To be clear, I’m not taking Nintendo’s side, all efforts to preserve these games are amazing and I love to see everyone keep it up :)
If someone shared ROMs 20 years ago and stopped, Nintendo wouldn’t be able to do anything about it today. The statute of limitations does apply.
But if someone started sharing ROMs 20 years ago, and continued doing it every day until today, then that means they shared ROMs yesterday. The “crime” still happened yesterday.
Edit: but they care a lot more about preventing it from happening tomorrow.
The whole point of IP laws (according to the Constitution of the United States) is to develop a robust public domain. Every registered idea, multiplied by every limited rights extention is a violation of public interest and public rights.
By burying or failing to preserve content, they are in fact stealing from the public, since we won’t be able to access it when it is our right.

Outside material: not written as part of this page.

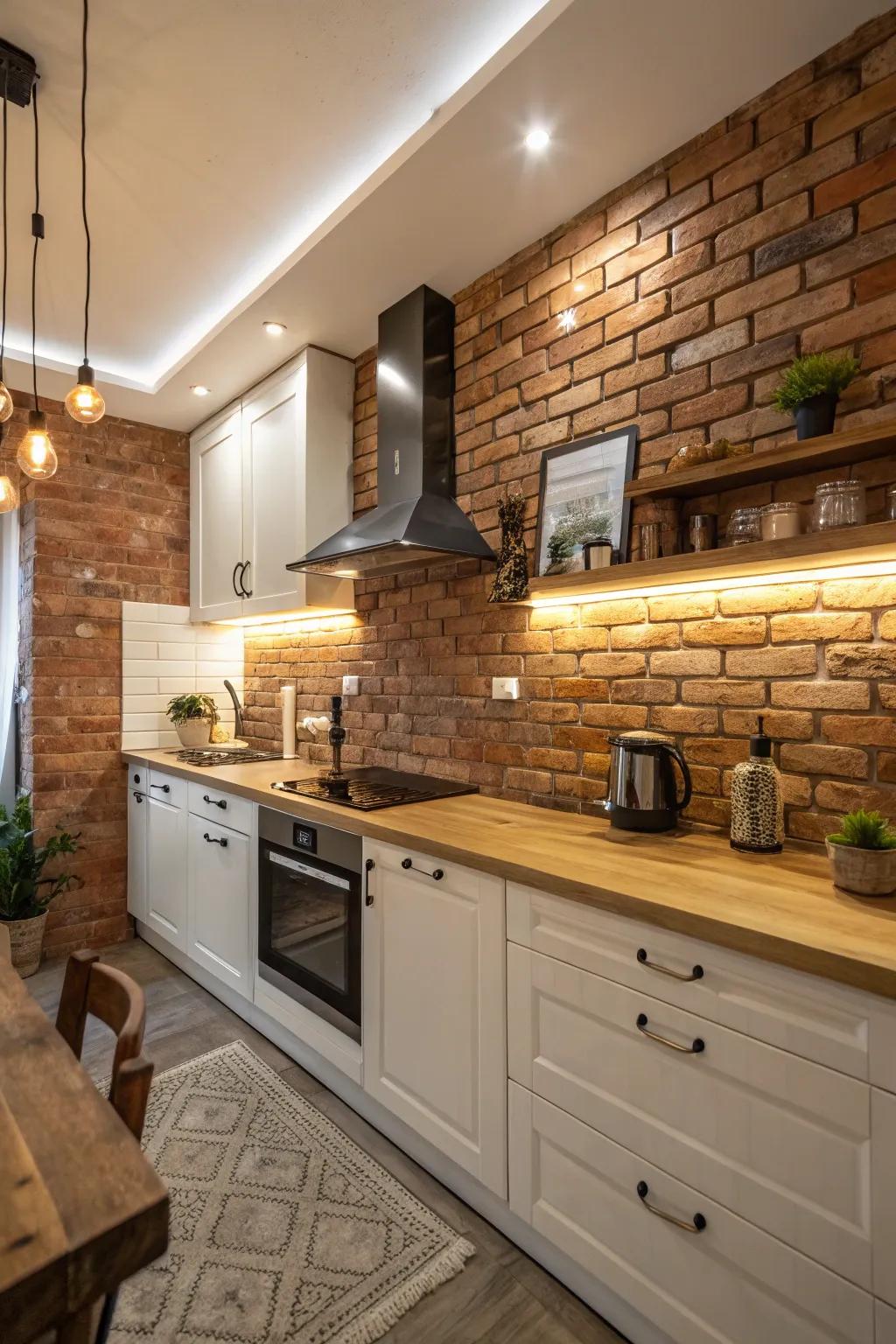 Textured elements such as brick can add warmth and personality.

Well there is the Stop Killing Games initiative started by Ross Scott and supported by the Pirate Parties. If they succeed, companies selling games in recent years will be required to either keep supporting their game or to make it available in a way so that others can ensure its continued support.
When this is achieved the step to free older games is small.
If you live in Europe you have the chance to support the movement by vote in the upcoming elections.
I’ve been keeping a close eye on it. He said something along the lines of “If you live in the US and the ToS of a piece of software said the publishers could come and shoot your dog, you’d have to prove that they broke some other law, like animal cruelty, to sue them successfully if they shot your dog.” I’m curious to see how companies react if they get a mandate from the EU to preserve games.
Here in the US, there are no progressive legislative bodies. The Democratic party treats its progressive members as the red-haired stepchildren who have to dine at their own table.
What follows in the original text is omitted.